Spark Clustering#

Connecting DGX Spark Systems into a Virtual Cluster#

Overview#

This guide explains how to connect two DGX Spark systems into a virtual compute cluster using simplified networking configuration and a QSFP/CX7 cable for high-performance interconnect.

The goal is to enable distributed workloads across Grace Blackwell GPUs using MPI (for inter-process CPU communication) and NCCL v2.28.3 (for GPU-accelerated collective operations).

System Requirements#

Before you begin, ensure the following:

  • Both DGX Spark systems have Grace Blackwell GPUs, are connected to each other using a QSFP/CX7 cable, and are running Ubuntu 24.04 (or later) with NVIDIA drivers installed

  • The systems have internet access for initial software setup

  • You have sudo/root access on both systems

Setup Networking Between Spark Systems#

Option 2: Manual IP assignment (advanced)#

Follow these steps to manually assign IP addresses for dedicated cluster networking.

On Node 1:

  1. Assign a static IP address and bring up the interface

    sudo ip addr add 192.168.100.10/24 dev enP2p1s0f1np1
    sudo ip link set enP2p1s0f1np1 up
    

On Node 2:

  1. Assign a static IP address and bring up the interface

    sudo ip addr add 192.168.100.11/24 dev enP2p1s0f1np1
    sudo ip link set enP2p1s0f1np1 up
    

Verify connectivity:

  • From Node 1, test connection to Node 2:

    ping -c 3 192.168.100.11
    
  • From Node 2, test connection to Node 1:

    ping -c 3 192.168.100.10
    

Run the DGX Spark Discovery Script#

This step will automatically identify interconnected DGX Spark systems and set up SSH authentication without requiring a password.

On both nodes:

  1. Run the discovery script

    ./discover-sparks
    

    Example output:

    Found: 192.168.100.10 (spark-1b3b.local)
    Found: 192.168.100.11 (spark-1d84.local)
    
    Copying your SSH public key to all discovered nodes using ssh-copy-id.
    You may be prompted for your password on each node.
    Copying SSH key to 192.168.100.10 ...
    Copying SSH key to 192.168.100.11 ...
    nvidia@192.168.100.11's password:
    
    SSH key copy process complete.
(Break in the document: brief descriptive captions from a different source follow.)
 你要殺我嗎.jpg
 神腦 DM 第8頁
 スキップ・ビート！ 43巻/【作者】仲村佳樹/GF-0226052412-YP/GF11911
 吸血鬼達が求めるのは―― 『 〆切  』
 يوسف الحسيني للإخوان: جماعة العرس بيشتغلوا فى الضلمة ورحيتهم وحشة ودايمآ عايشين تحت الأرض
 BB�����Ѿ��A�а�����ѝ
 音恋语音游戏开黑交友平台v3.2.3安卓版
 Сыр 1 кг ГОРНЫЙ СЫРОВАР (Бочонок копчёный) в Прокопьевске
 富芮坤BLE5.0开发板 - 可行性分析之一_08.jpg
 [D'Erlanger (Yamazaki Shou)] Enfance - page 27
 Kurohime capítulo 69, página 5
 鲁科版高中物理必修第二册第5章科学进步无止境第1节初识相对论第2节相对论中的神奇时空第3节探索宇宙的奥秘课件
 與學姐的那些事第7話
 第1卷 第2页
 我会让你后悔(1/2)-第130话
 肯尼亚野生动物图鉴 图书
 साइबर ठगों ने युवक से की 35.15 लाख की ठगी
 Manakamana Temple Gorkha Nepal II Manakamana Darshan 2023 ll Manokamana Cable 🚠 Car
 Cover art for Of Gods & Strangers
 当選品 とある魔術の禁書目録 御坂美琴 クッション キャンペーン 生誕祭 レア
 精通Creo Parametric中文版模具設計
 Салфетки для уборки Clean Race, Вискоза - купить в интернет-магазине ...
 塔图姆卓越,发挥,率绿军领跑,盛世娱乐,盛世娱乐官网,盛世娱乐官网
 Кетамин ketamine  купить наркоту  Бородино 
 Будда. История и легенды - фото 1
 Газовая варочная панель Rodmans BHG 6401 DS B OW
These two sparks can now talk to each other.
    

Install Required Software#

To support distributed workloads, both systems must have MPI (for CPU process communication) and NCCL (for GPU collective communication) installed.

  1. Install MPI (OpenMPI)

    MPI allows distributed processes across systems to communicate.

    sudo apt update
    sudo apt install -y openmpi-bin libopenmpi-dev
    
  2. Install NCCL v2.28.3 (or later)

    NCCL provides fast GPU-to-GPU communication over QSFP/CX7 and supports multi-rail socket interfaces. The instructions below are for NCCL v2.28.3. Visit https://developer.nvidia.com/nccl/nccl-download for the latest version.

    wget https://developer.download.nvidia.com/compute/machine-learning/repos/ubuntu2004/x86_64/libnccl2_2.8.3-1+cuda11.2_amd64.deb
    wget https://developer.download.nvidia.com/compute/machine-learning/repos/ubuntu2004/x86_64/libnccl-dev_2.8.3-1+cuda11.2_amd64.deb
    
    sudo dpkg -i libnccl2_2.8.3*.deb libnccl-dev_2.8.3*.deb
    
  3. Build the NCCL test suite

    These tools verify GPU-to-GPU communication and measure performance across nodes.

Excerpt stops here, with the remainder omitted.